* Exercise *
Every line below should come back exactly as written, though the pictures stay out.

* Study material *
******
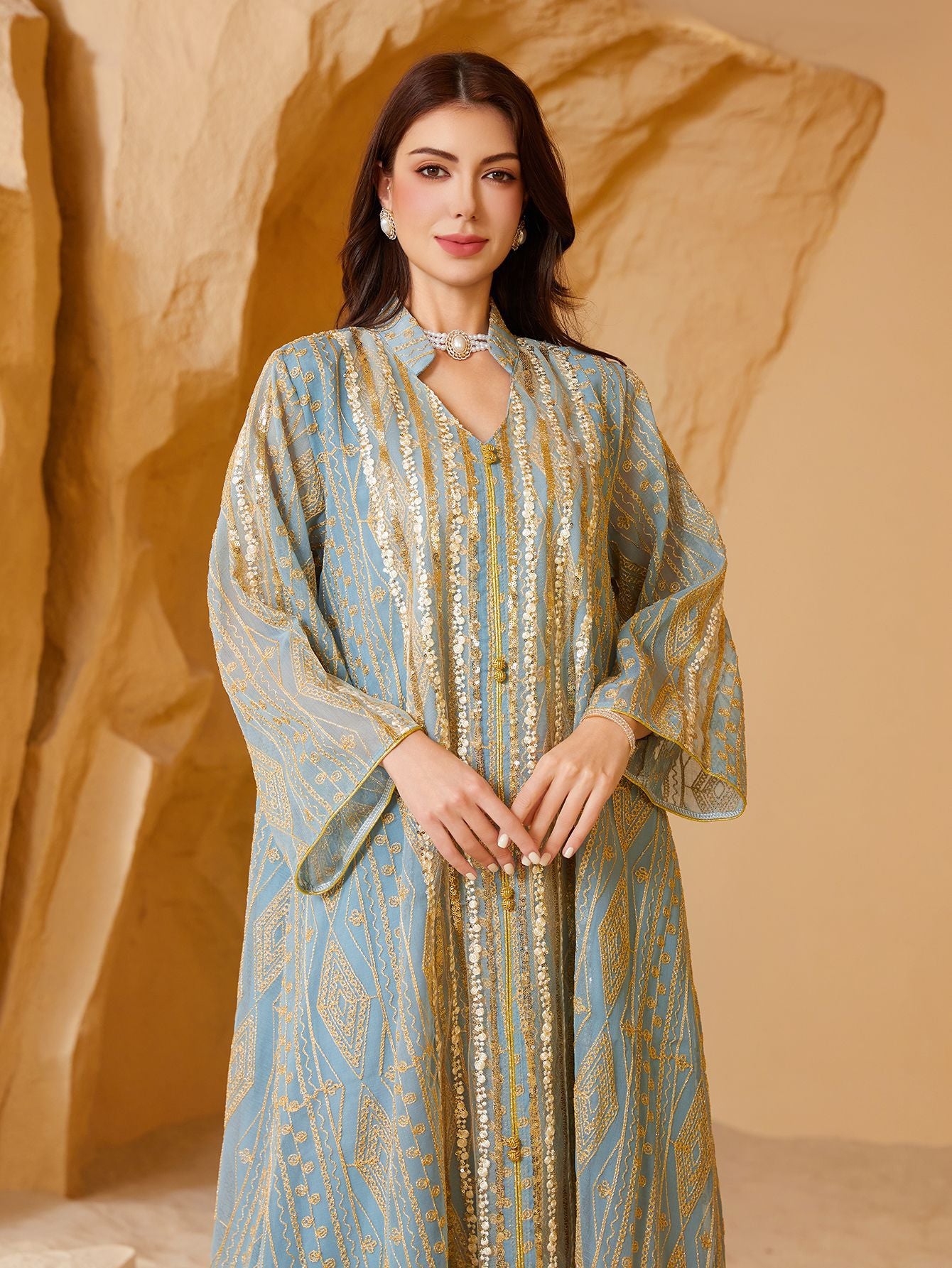 Golden Mirage Jacquard Abaya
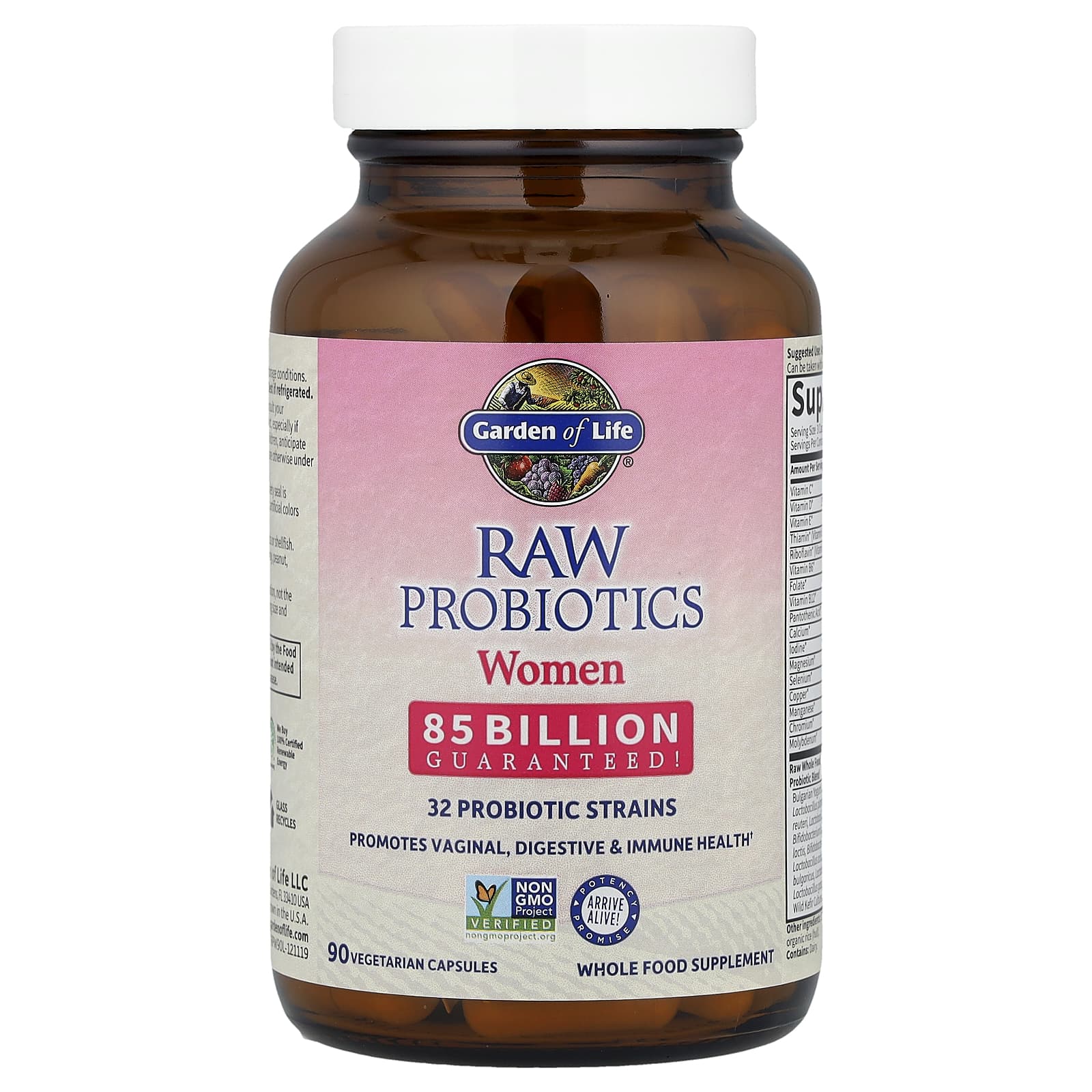 Пробиотик Garden of Life RAW Women, оттенок 85 Billion, 90 растительных капсул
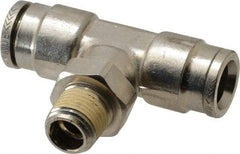 Norgren - 1/8 NPTF, Nickel Plated Brass Push-to-Connect Tube Male Swivel Branch Tee - 260 Max psi, Tube to Male NPT Connection - Americas Industrial Supply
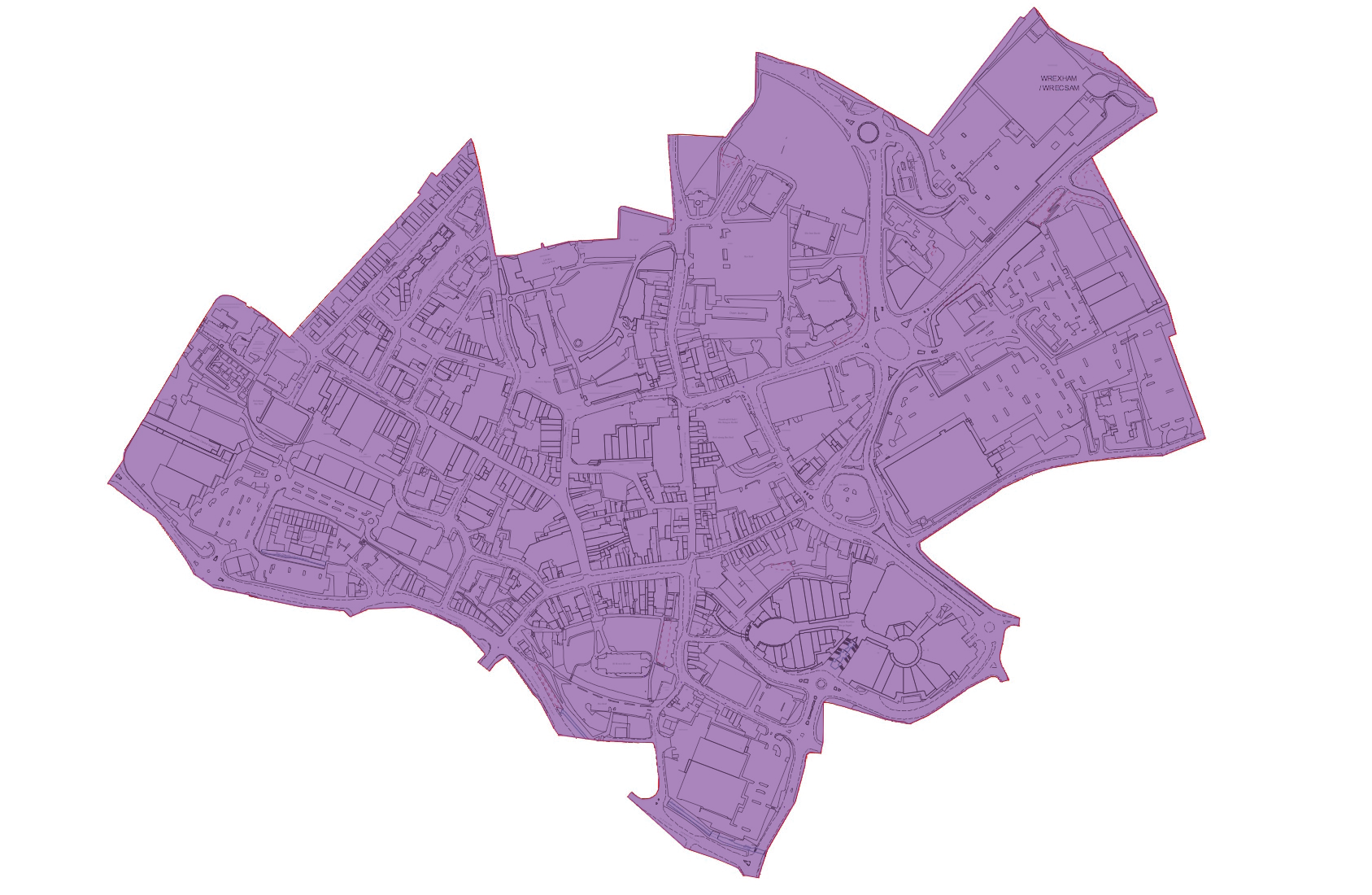 A purple map of a city on a white background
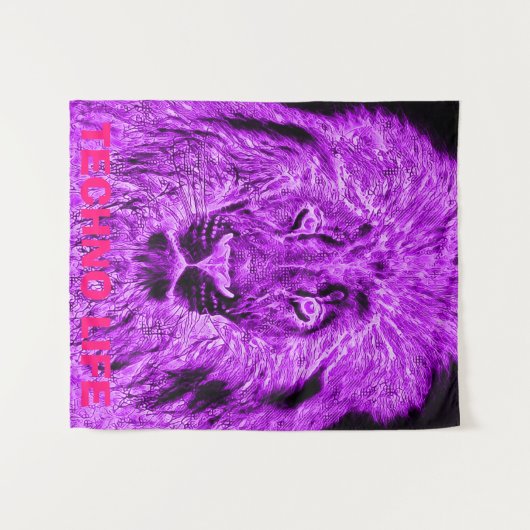 Paarse Lion Blacklight Techno Life Wandkleed (Voorkant (horizontaal))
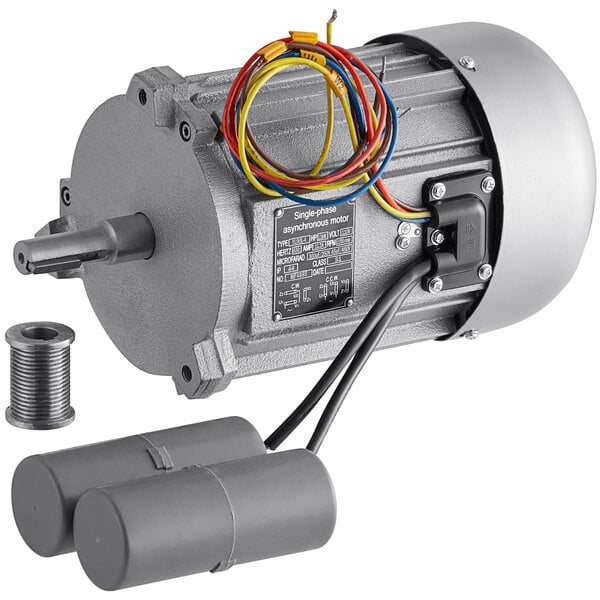 A grey Estella motor with wires and a wire harness.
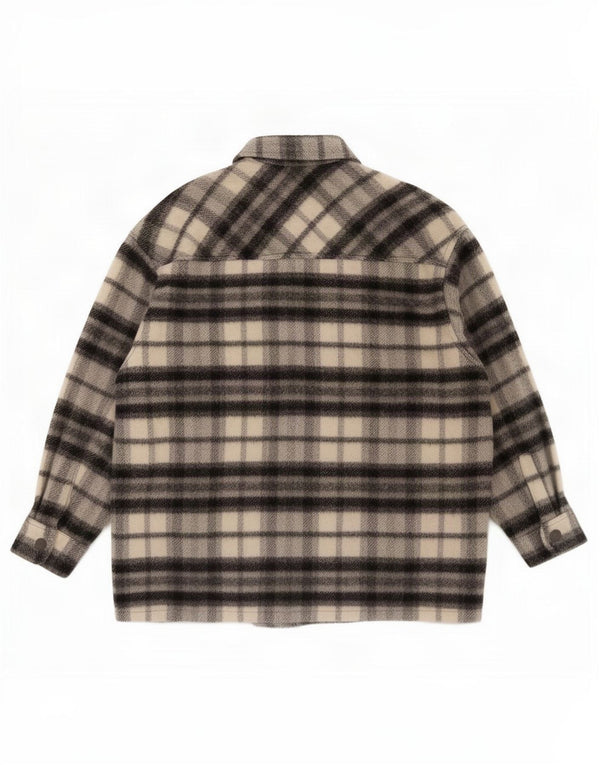 Camisa feminina Zara com ajuste solto e flanela Reino Unido 10 pequena xadrez cinza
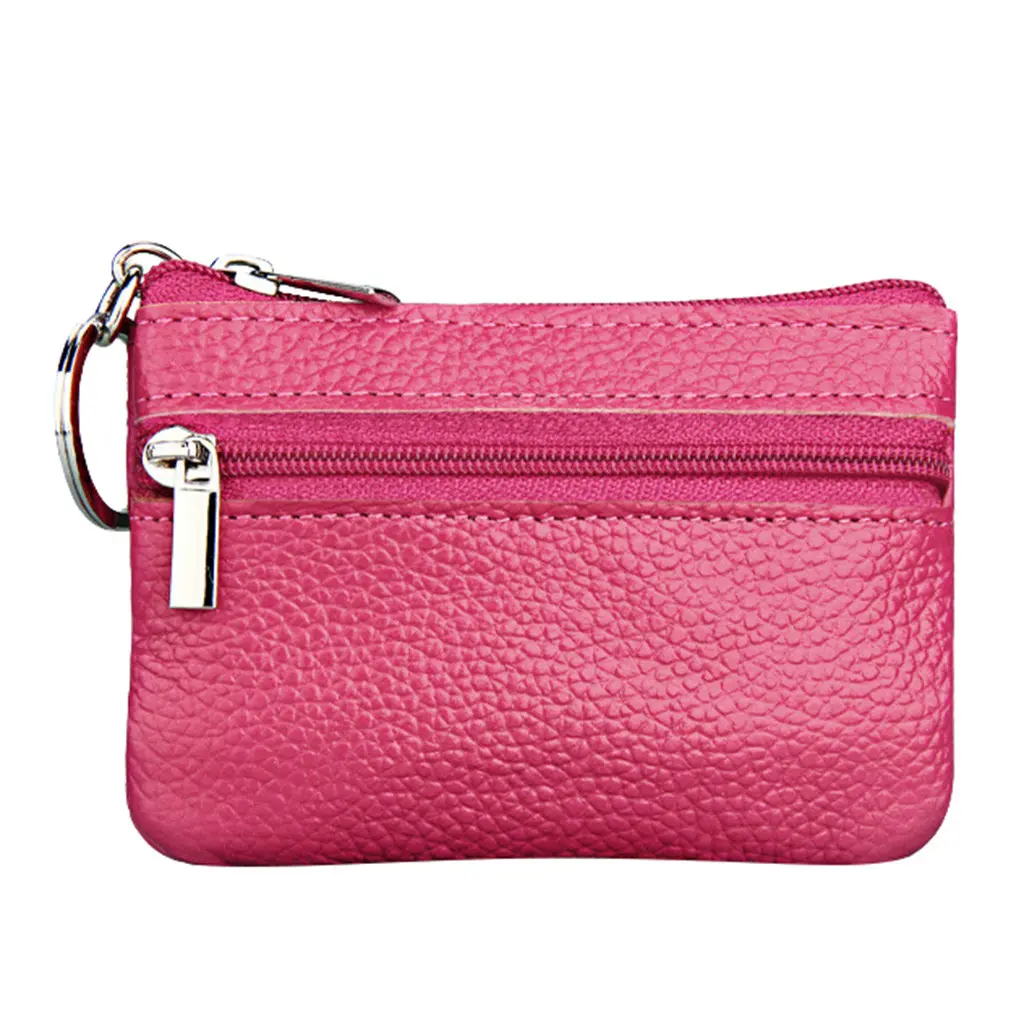 New Women's Mini Coin Purse Leather Zipper Pouch with Key Ring Small Wallet
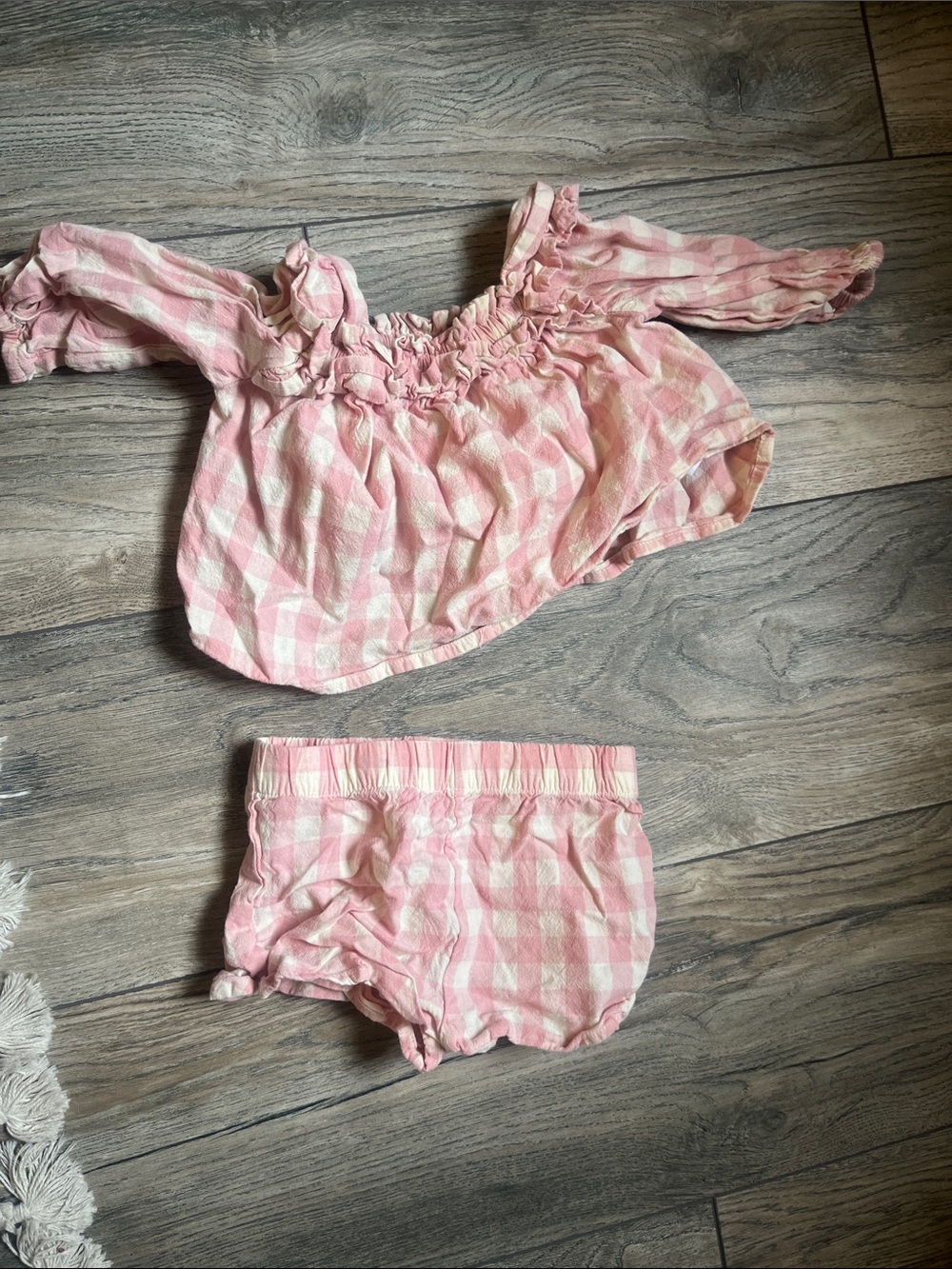 Pink Gingham Two-Piece Set with Ruffle Details cutest baby girl outfit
******
* Written solution *
 Golden Mirage Jacquard Abaya
 Пробиотик Garden of Life RAW Women, оттенок 85 Billion, 90 растительных капсул
 Norgren - 1/8 NPTF, Nickel Plated Brass Push-to-Connect Tube Male Swivel Branch Tee - 260 Max psi, Tube to Male NPT Connection - Americas Industrial Supply
 A purple map of a city on a white background
 Paarse Lion Blacklight Techno Life Wandkleed (Voorkant (horizontaal))
 A grey Estella motor with wires and a wire harness.
 Camisa feminina Zara com ajuste solto e flanela Reino Unido 10 pequena xadrez cinza
 New Women's Mini Coin Purse Leather Zipper Pouch with Key Ring Small Wallet
 Pink Gingham Two-Piece Set with Ruffle Details cutest baby girl outfit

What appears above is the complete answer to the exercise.